Sticking my nose in it

This has never been nor will it ever become a political blog. However, I have to defend one of my favorite politicians, John McCain. The grumpy senator from Arizona is taking a beating over on La Shawn Barber's Corner, making every conservative's list of "most hated conservatives."

I won't kid you. I don't know John McCain, although I've met him on different occasions. The first time was when I was an eighth grader at Rhodes Junior High in Mesa, Ariz. It was 1982 and McCain was a young New Yorker who had just married the daughter of a Phoenix, Ariz., Budweiser distributorship. OK, that's not so impressive, but you should've seen the man work the crowds.

It was, like, 108 outside, typical September weather, McCain pulls me aside after I walk out from getting a hair cut. He says something about how I look like a sharp young man and gives me a t-shirt that said, "McCain's Navy." Then he gives me a bottle of Pepsi and asks me if I want to join his crew to go around malls and to help promote his first ever run for the U.S. House. Well, he happened to be running for the spot previously vacated by John Jay Rhodes, whom my school was named after, so I felt obligated. Besides, free Pepsi. I was sold. It was a plus that McCain happened to be a very congenial man who did not seem at all uncomfortable with the 30 or so kids on his RV.

So I became a Very Young Republican. My father, who had moved from his Union Democrat position to Reagan Republicanism in 1980, was so proud.

Nearly 20 years later I met McCain again. I was an editor for, the online arm of the Arizona Republic. I ran into him on the way to the 10th floor. Literally, ran into him. He said something grumpy and then said something about my hat. I learned that my friend, Rob, got the same comment. We were big into hats at the time, not very professional, but we were online slackers so the dress code Nazis left us alone (they all figured we'd be shut down after the first year, anyway). Whatever. I didn't hold it against him. I knew he was where he didn't want to be, which was in the heart of the Arizona Republic. Long-standing feud dating back to the Keating Scandal, etc. etc.

In 2000, I donated money to his campaign online. It was the first time I'd donated money to a campaign since I was an idealistic college kid heaping high hopes on an idealistic candidate -- Jack Kemp. That was a waste of money, and so was my donation to McCain, who simply cannot garner respect from Republicans who want zealots, not people who publicly promote bi-partisanship.

And that's really the rub with McCain. He's the kind of independent politician people say they crave, but he can't get a platform because he does not represent the sole interest of either party. He can't even run as an independent, because even those group of people have their partisan interests. He's not conservative enough, not liberal enough, not green enough, not libertarian enough, not you name it.

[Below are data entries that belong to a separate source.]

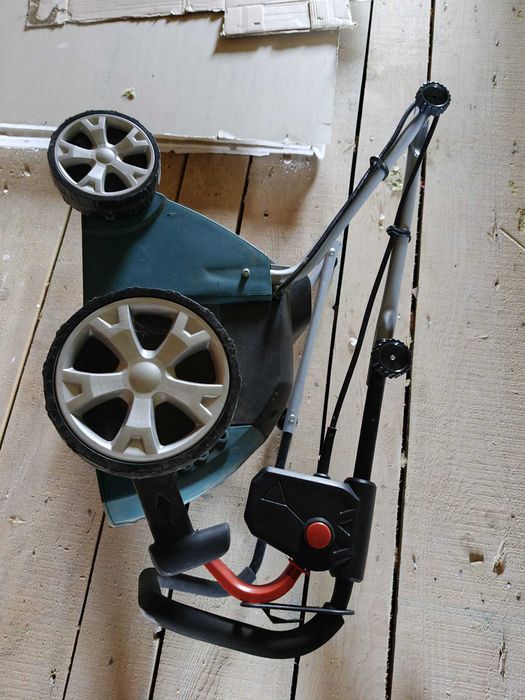 vand scarificator makita uv3200 (DEFECT)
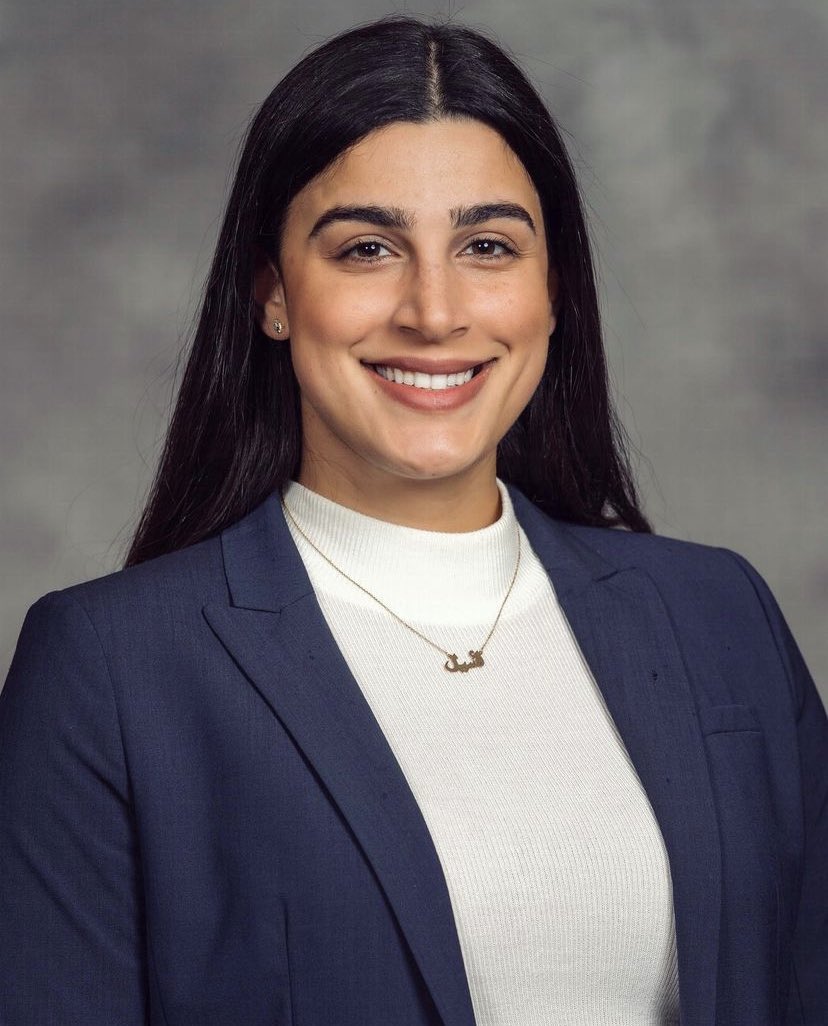 AseelHaidar1's tweet photo. Hi #MedTwitter! My name is Aseel🦭I’m an M4 at the University of Michigan &amp; I’m so excited to apply into #familymedicine this #Match2023. I’m passionate about obesity medicine &amp; reproductive health. In the spirit of the specialty, enjoy this 2nd grade ➡️ 20th grade glow up 👶🏼👩🏻‍⚕️ https://t.co/7xM7ObykEJ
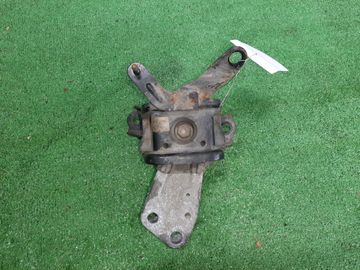 ПОДУШКА ДВС НА TOYOTA PREMIO NZT260 1NZ-FE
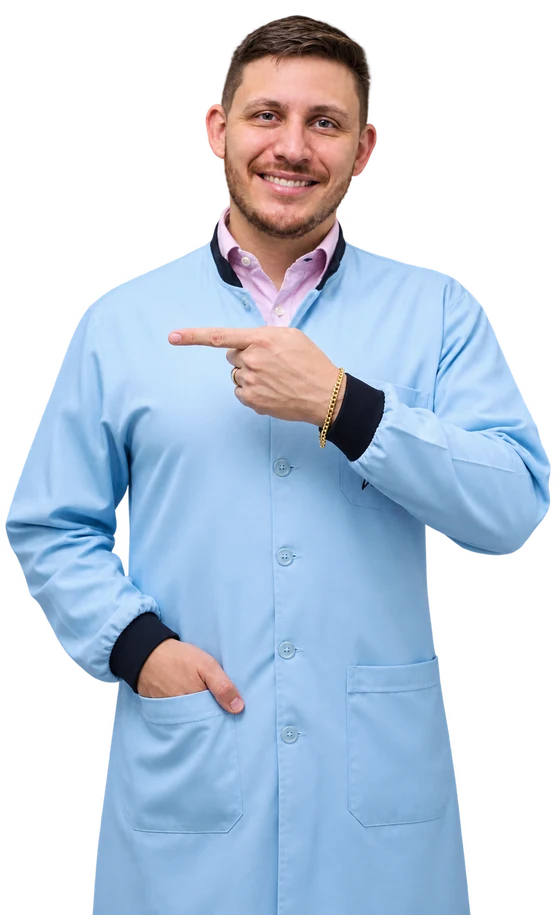 Dr. Thiago Marcel Monteiro apontando para o convite de seguir no Instagram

What is he? He's rational, forthright, and for the most part, honest. He can see the benefit of sponsoring legislation like the American with Disabilities Act, which at the time was GOP heresy (was supposed to cause the real estate market to crash and burn).

McCain is just like any other maverick politician from Arizona. Barry Goldwater is hailed as a hero, yet he lived by the same set of libertarian principles. I guess Barry just had the benefit of operating in a different era, when you could represent the GOP without buying into every plank in the platform, and without settling on pre-arranged polemics.

However, few people can stump for the GOP like McCain. You want graciousness? You want loyalty?

A little while after the presidential election I was leaving a downtown Phoenix building when I ran into McCain again (this time not so literally). I shook his hand, told him I donated money to his campaign, and wished he'd been given a fair shake by his own party rather than the behind the scenes stuff to keep him off the ballot. I expected some kind of missile aimed right at the eyes of G.W., Haley Barber, or someone. Instead, he just said that was over, and it was important to support the president and the GOP. He was earnest, too. At least, it didn't come off like some political baby-kissing stuff. He could've said anything and no one would've been the wiser.

So bash McCain all you want. He's still got your president's back.